Legally, the application of the death penalty goes against true justice. There are proven cases in persons are wrongly convicted. The case of mistrials death penalties cannot be reversed. Convicts may also lack the services of a well-trained advocate to argue their cases before court case. Further, judicial process is subject to manipulation from external forces. The interference includes witness coaching and evidence tampering to influence a precise result. Therefore, there is possibility of applying the death penalty to the wrong person. The death penalty once executed cannot be reversed as such it does not provide a sustainable solution. For instance in the state of Georgia of the 7400 sentenced to death, 135 have been released for wrong conviction.

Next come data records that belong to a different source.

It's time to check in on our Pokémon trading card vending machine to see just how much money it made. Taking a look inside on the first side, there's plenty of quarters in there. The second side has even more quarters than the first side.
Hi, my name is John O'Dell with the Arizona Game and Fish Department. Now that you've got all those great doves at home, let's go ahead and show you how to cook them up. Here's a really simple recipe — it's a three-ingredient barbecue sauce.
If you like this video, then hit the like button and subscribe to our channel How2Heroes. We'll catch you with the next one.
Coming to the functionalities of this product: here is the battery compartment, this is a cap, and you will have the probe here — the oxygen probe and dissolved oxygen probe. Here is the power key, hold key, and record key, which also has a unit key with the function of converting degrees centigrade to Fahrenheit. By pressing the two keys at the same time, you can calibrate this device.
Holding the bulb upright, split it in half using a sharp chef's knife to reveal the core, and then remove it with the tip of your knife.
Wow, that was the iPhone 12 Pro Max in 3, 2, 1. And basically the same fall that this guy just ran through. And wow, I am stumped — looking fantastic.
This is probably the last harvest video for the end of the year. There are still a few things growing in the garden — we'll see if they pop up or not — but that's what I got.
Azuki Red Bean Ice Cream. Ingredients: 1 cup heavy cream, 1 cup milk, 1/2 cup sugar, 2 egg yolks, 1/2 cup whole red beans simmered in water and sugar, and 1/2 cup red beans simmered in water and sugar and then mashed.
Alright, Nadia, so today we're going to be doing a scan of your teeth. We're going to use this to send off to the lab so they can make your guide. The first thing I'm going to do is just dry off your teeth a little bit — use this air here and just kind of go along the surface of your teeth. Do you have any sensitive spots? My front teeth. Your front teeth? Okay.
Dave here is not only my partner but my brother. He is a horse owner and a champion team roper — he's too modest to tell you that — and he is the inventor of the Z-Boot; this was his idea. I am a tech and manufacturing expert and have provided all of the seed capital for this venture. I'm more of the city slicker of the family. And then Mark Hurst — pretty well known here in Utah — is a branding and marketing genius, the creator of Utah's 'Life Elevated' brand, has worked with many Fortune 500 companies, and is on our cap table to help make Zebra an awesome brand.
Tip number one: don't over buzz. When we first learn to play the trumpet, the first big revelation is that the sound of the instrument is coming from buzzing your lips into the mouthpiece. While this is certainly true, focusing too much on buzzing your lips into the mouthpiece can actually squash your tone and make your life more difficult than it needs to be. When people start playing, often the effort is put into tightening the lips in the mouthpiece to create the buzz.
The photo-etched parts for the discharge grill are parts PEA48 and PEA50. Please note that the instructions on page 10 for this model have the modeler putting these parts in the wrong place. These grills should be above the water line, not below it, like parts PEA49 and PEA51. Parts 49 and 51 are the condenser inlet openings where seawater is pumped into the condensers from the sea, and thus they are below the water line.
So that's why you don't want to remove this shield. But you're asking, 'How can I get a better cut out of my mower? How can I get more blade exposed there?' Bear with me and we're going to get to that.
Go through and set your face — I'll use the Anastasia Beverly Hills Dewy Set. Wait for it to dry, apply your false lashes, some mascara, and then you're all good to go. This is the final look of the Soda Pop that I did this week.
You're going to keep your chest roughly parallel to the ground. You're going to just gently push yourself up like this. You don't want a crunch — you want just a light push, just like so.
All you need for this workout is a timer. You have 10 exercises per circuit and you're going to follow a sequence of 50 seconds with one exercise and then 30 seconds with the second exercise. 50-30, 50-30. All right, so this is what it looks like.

According to Sarisky, it is very expensive to maintain a death row convict that an inmate on life imprisonment. The average cost of conducting an execution is $1.2 million. The rationale in costing is derived from the urge to achieve the correct justice. As a result, the best services are sought in the trial. Further, investigations are greatly detailed hence require more manpower and equipment. Equally, the judicial process requires expert witnesses. Whereas, arguments for death penalty validate the monies as an opportunity cost for a better society, the process is very costly to governments and citizens. The costs depend with states. In the last eight years, the state of Illinois has spent $60 million on 20 executions translating to $3 million per penalty.

Personal Opinion

The reasons provided for and against the implementation of the death penalty bear the need for a better society. The application of the death penalty seeks to deter people from committing serious crimes. However, killing is wrong there is no justification for using it as a correction tool. As noted by Warden, it is like using a wrong to correct a wrong. Ideally, two wrongs do not make a right. Morally, the death penalty is degrading. If the society intentionally kills her citizens then it means that the lives of the citizens are not valuable. Furthermore, there are various alternate correctional instruments to death penalty. Rationally, institutionalizing death does not make it the most superior form of correction. Irrationally, the practice justifies increased violence as argued by different scholars. It is true that persons with nothing to live for would commit a crime with the death penalty as an incentive.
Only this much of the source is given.